Final
Project
Raytracer with Depth of Field, Subpixel Jittering, and Soft
Shadows
extensions
Siqi Chen
For my final project, I have extended the high level raytracer
code to support depth of field, subpixel jittering, and soft
shadows. All of these can be toggled on and off at run time. The
parameters for each are configurable at compile time. I have also
created scenes which demonstrates some of these effects.
Subpixel
Jittering ('a' to turn off, 'A' to turn on)
The
basic subpixel jittering algorithm is implemented as described in the
textbook, with each subpixel being sampled randomly after subdivision.
The
number of subpixels per pixel (as well as the radius at which a pixel
is considered) is configurable at compile time. Most images were
rendered at 4x4 = 16 subpixels, with a pixel radius of 1.0 units.
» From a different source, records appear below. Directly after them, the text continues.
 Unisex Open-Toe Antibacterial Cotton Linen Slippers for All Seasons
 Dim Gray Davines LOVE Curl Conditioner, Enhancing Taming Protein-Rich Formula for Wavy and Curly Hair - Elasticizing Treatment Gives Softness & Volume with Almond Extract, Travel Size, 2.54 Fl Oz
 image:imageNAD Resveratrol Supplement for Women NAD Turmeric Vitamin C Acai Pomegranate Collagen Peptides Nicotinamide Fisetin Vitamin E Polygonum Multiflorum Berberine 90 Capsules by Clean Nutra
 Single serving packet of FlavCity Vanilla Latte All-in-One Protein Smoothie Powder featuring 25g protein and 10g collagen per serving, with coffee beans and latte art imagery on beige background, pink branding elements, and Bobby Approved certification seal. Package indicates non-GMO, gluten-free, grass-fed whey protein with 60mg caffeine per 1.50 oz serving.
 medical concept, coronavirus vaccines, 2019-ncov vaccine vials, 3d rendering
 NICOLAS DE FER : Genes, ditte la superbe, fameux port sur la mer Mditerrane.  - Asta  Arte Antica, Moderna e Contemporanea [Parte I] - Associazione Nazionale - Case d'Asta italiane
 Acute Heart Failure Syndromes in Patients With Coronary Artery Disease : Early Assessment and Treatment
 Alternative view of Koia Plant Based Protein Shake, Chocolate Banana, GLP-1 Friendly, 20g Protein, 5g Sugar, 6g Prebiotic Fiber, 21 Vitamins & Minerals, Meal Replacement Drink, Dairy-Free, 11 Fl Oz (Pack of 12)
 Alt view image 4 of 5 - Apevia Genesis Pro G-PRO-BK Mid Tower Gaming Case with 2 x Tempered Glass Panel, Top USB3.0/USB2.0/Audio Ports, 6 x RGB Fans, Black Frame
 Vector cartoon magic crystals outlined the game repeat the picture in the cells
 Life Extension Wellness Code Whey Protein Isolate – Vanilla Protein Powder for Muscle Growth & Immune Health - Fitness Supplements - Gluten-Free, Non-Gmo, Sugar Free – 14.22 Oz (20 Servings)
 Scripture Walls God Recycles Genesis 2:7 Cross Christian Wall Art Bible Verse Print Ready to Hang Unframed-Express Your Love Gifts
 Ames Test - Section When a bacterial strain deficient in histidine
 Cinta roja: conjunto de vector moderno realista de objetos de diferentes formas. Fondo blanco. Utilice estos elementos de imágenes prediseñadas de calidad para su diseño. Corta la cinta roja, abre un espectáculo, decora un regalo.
This was a relatively straight forward extension to implement. One of
the problems I encountered was that my images were very overbright
initially. It took almost an hour to figure out why: it turns out I
forgot to zero the accumulator pixel after rendering a new pixel.
With
Subpixel Jittering
Without
Subpixel Jittering
Depth of Field ('d'
to turn off, 'D' to turn on)
The basic depth of field algorithm was not difficult to implement. For
convenience, the number of jittered rays is equal to the number as used
for subpixel jittering. The amount of jittering is configurable at
compile time. It is set at 0.25 - 0.50 unit radius for the images
rendered
here. I have also implemented a seperate algorithm in order to use
depth of field and subpixel jittering at once without the performance
decrease as described in the textbook. The below image is focused on
the
third sphere from
the left.
With
Depth of Field
Without
Depth of Field
Soft Shadows ('s'
to turn off, 'S' to turn on)
I have implemented a basic form of soft shadowing with extended
lights. By turning on the soft shadows option, the raytracer will
consider all light sources to be an extended square light parallel to
the ground plane. The SoftShadowFeeler
subroutine will then run the jittering algorithm on the light sources
(using n^2 rays) to see how much of the light is occluded.
Then the illumination at that point is set accordingly. The below
pictures have two lights directly overhead.
With
Soft Shadows
Without
Soft Shadows
And finally,
A Digusting Piece
of Abstract Art Which I Call
"The Toiletry of Sophistry, Alone"

Really expensive rendering with a lot of rays and everything turned on.